Another issue regarding the feasibility of the reconstruction algorithm is whether the run time is acceptable. The run time depends on the computational environment. MATLAB R2014b on a computer with the Intel(R) Core(TM) i5-4590 CPU @3.30 GHz, RAM 8.00 GB, 64-bit OS was used here. The implementation of the TV + DTV algorithm took 179 s for the FORBILD head phantom (total number of iterations was 1000) and 285 s for the real aspirin projection data (the total iterative number was 90). The run time was acceptable, but could be further improved by many methods, such as parallel computing and CUDA acceleration.

For our proposed algorithm, the selection of the weights of the TV- and DTV-constraints was also an important issue in the reconstruction. If they are too small, the algorithm based on the TV- and DTV-constraints would not be able to reduce the artifacts and noise of the reconstructed image. If they are too large, the TV- and DTV-constraints would over-smooth the CT images. Thus, the weight parameter selection for the TV- and DTV-constraints depends on the levels of artifacts and noise. In this paper, the used parameters are shown in Table 2 according to the experimental analysis.

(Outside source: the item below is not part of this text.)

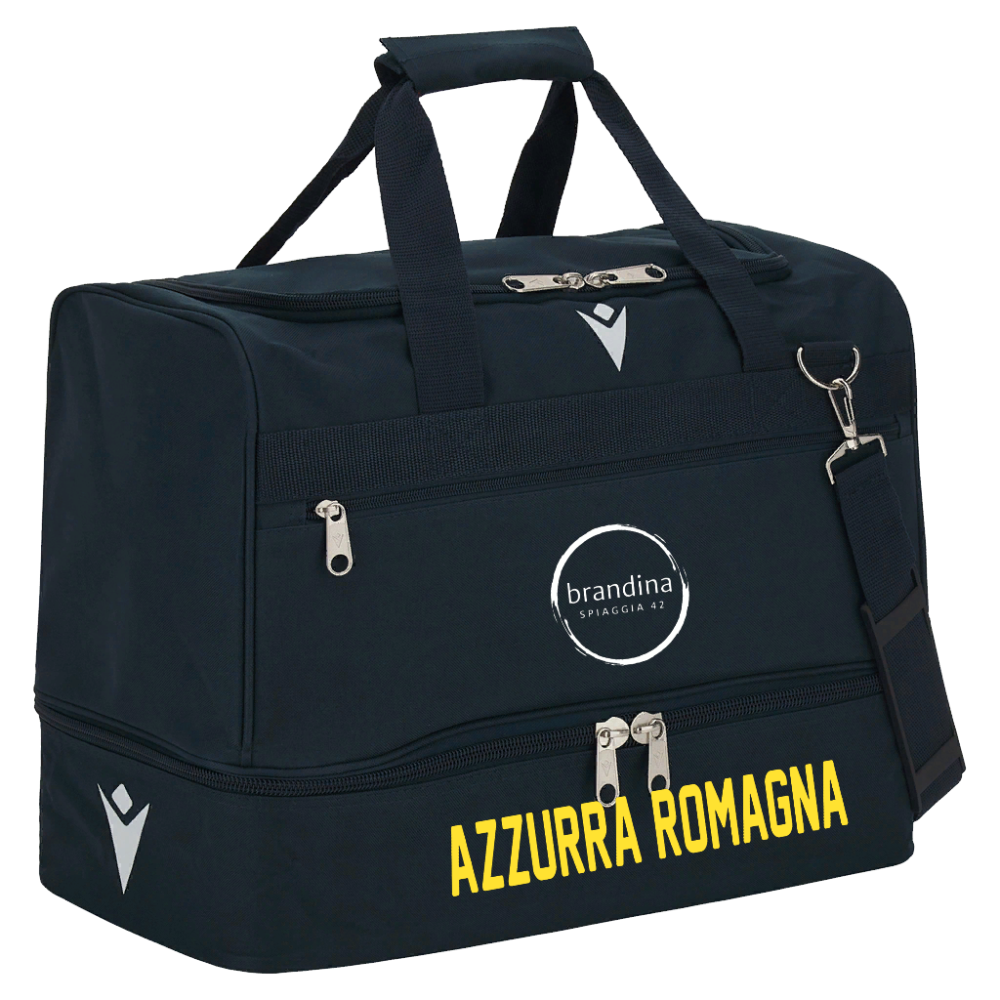 Macron Rocket large borsa | Immagine 1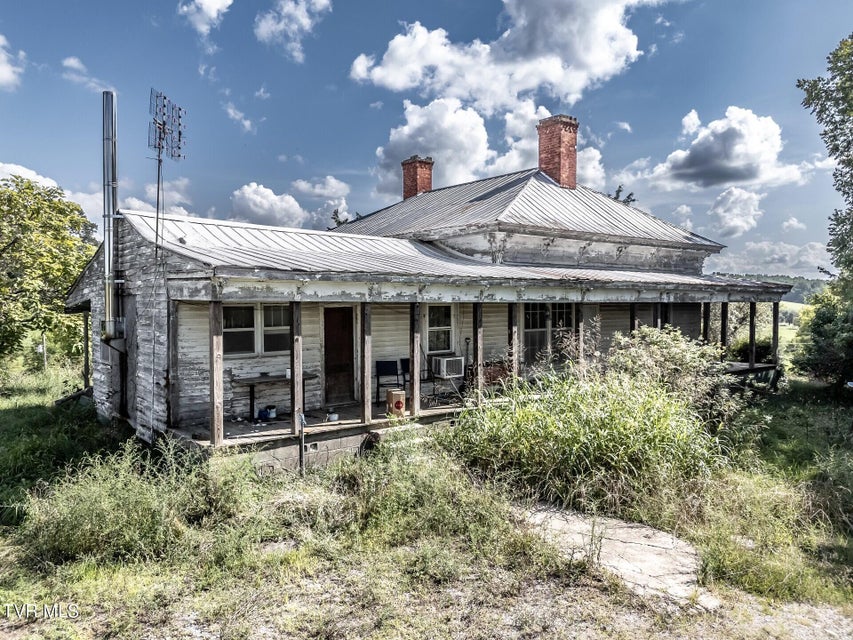 Photo #45: 1410 Timber Ridge Road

In conclusion, we proposed a hybrid reconstruction approach by combining the TV- and DTV-constraints, by operating the DTV-constraint to sparsely represent the images when the iterative convergence of the reconstructed algorithm with the TV-constraint did not vary during the reconstruction process. The numerical and experimental studies demonstrated that the proposed hybrid method can be used to reconstruct high-quality images from sparse-view data, and the RMSE and SSIM were improved when the TV-constraint was converted to the DTV-constraint after a set number of iterations. Further research will be performed to explore the directional TV optimization problem in the CT reconstruction.